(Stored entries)
++++++

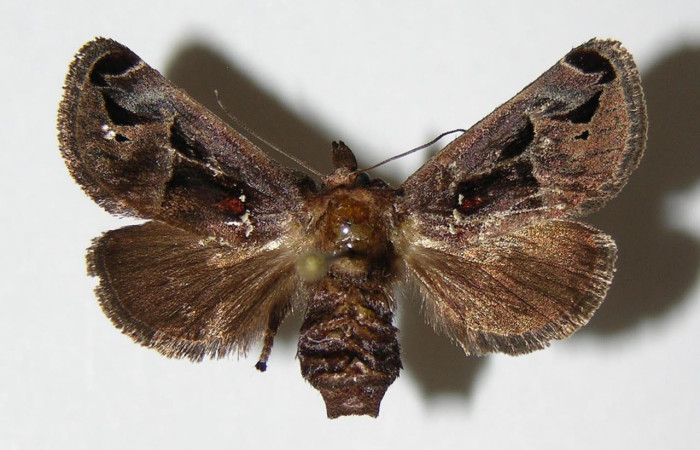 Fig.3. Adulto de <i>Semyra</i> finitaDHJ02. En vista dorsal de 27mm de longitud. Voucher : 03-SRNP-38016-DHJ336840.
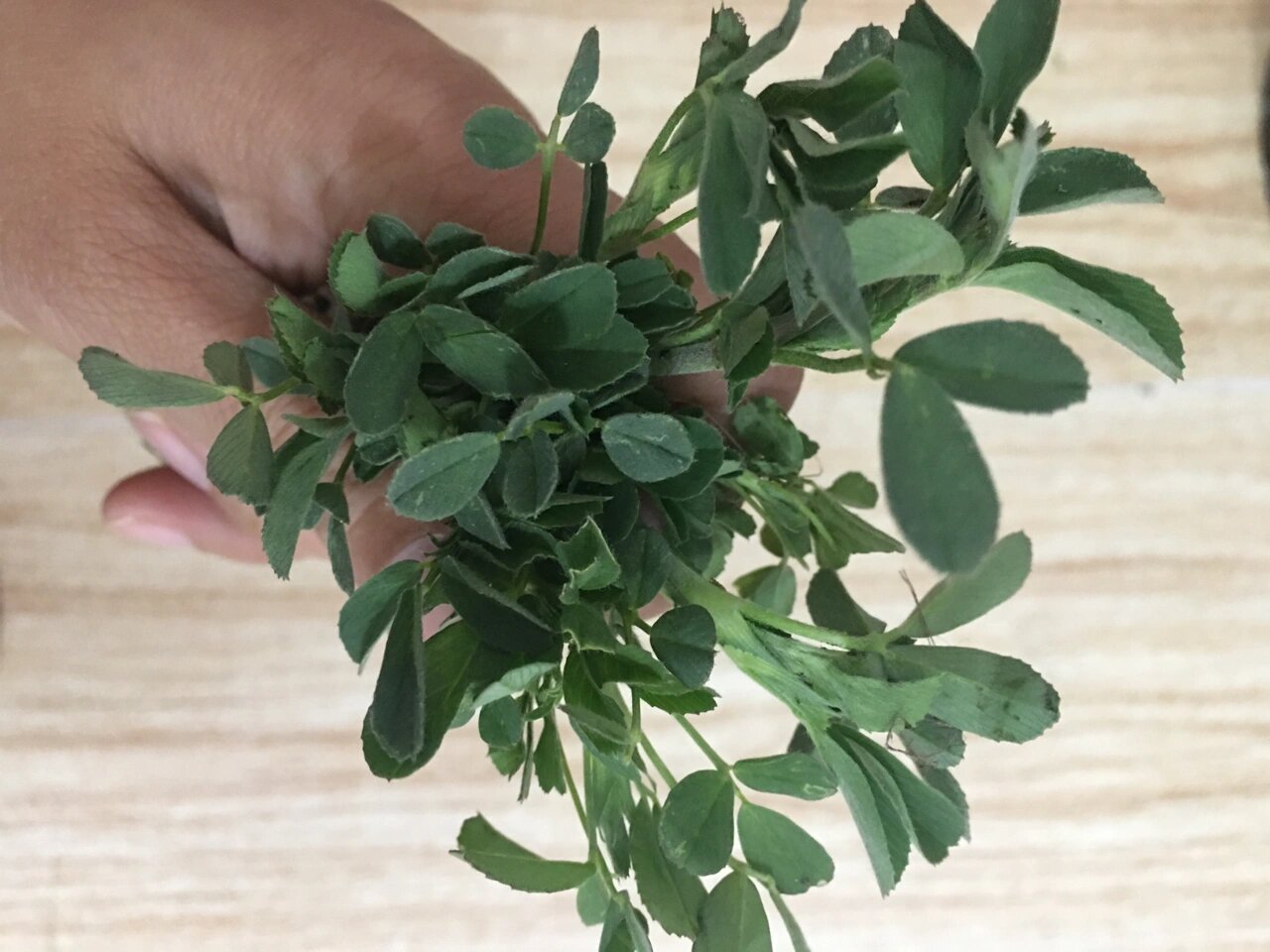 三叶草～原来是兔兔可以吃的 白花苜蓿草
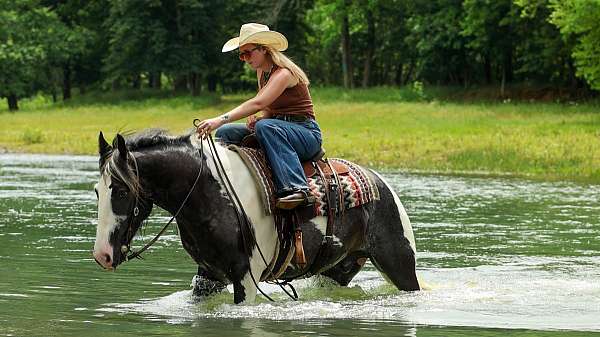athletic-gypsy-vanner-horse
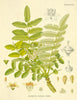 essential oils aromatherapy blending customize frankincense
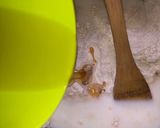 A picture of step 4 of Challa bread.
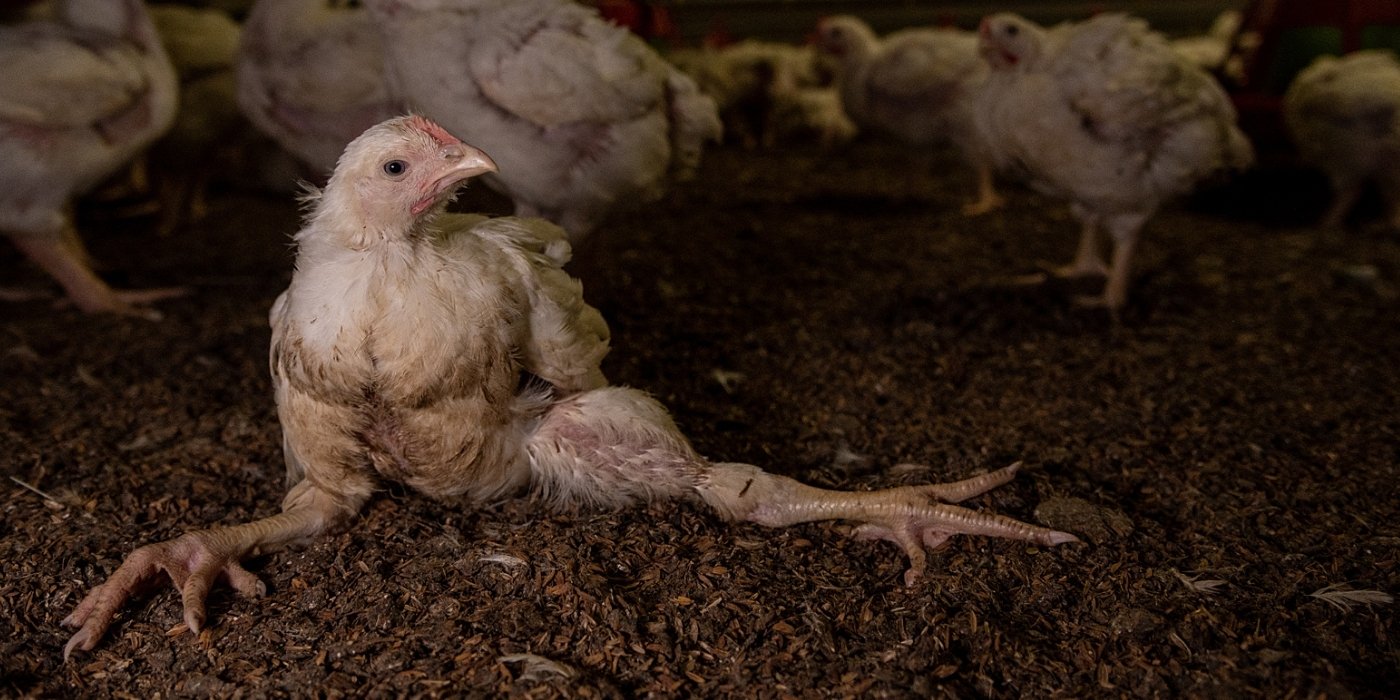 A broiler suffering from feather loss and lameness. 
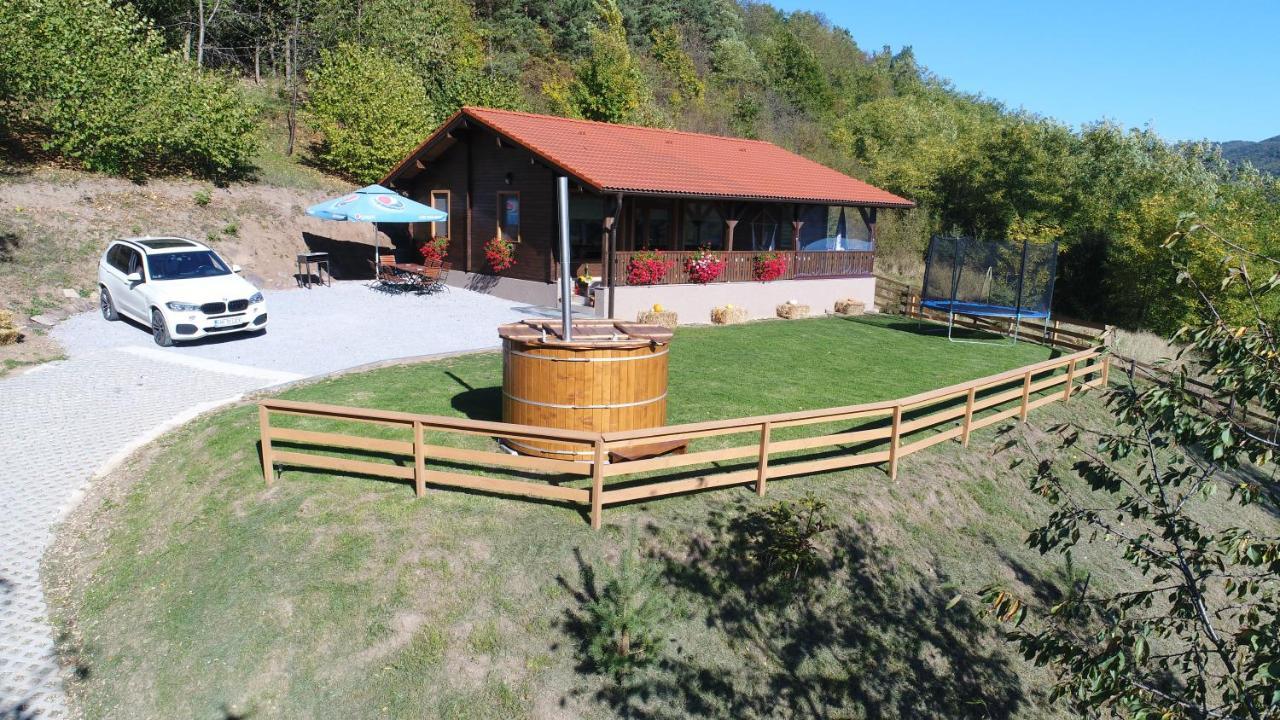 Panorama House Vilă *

++++++

* _Description of the task_: Say again, word for word, every line from the one with "athletic-gypsy-vanner-horse" through the last line of the data above, minus the pictures.

* _Final answer_:
athletic-gypsy-vanner-horse
 essential oils aromatherapy blending customize frankincense
 A picture of step 4 of Challa bread.
 A broiler suffering from feather loss and lameness. 
 Panorama House Vilă *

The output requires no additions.